Hershcovis and co-author Julian Barling, Ph.D., of Queen’s University in Ontario, Canada, reviewed 110 studies conducted over 21 years that compared the consequences of employees’ experience of sexual harassment and workplace aggression. Specifically, the authors looked at the effect on job, co-worker and supervisor satisfaction; stress, anger and anxiety levels; and workers’ mental and physical health. Job turnover and emotional ties to the job also were compared.
The authors distinguished among different forms of workplace aggression. They identified incivility as rudeness or discourteous verbal and non-verbal behaviors. Bullying included persistently criticizing employees’ work; yelling; repeatedly reminding employees of mistakes; spreading gossip or lies; ignoring or excluding workers; and insulting employees’ habits, attitudes or private life. Interpersonal conflict, meanwhile, encompassed behaviors involving hostility, verbal aggression and angry exchanges.

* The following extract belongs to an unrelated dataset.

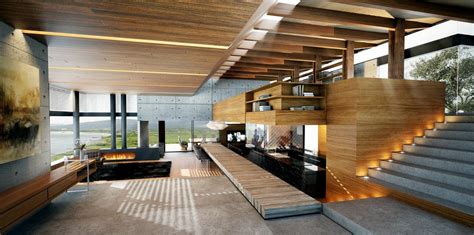 Modern wood and concrete interior | Interior Design Ideas | Wood interior design, Concrete ...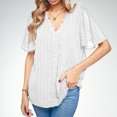 thumbnail image 3 of TUGOXIE Casual Womens Summer Shirts Loose Fit Ruffle Boho White V Neck M, 3 of 7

The Consequences of Bullying
Both bullying and sexual harassment can create negative work environments and unhealthy consequences for employees, but the researchers found that workplace aggression has more severe consequences. Employees who experienced bullying, incivility or interpersonal conflict were more likely to quit their jobs, have lower feelings of well-being, be less satisfied with their jobs and have less satisfying relations with their bosses than employees who were sexually harassed, the researchers found.
Additionally, bullied employees reported more job stress, less job commitment and higher levels of anger and anxiety. No differences were found between employees experiencing either type of mistreatment regarding how satisfied they were with their co-workers or with their work.
“Bullying is often more subtle, and may include behaviors that do not appear obvious to others,” said Hershcovis. “For instance, how does an employee report to their boss that they have been excluded from lunch? Or that they are being ignored by a coworker? The insidious nature of these behaviors makes them difficult to deal with and sanction.”
From a total of 128 samples, 46 included subjects who experienced sexual harassment, 86 experienced workplace aggression and six experienced both. Sample sizes ranged from 1,491 to 53,470 people and ages ranged from 18 to 65 years old. The work aggression samples included both men and women.
The sexual harassment samples examined primarily women because, Hershcovis said, past research shows that men interpret and respond differently to the behaviors that women perceive as sexual harassment.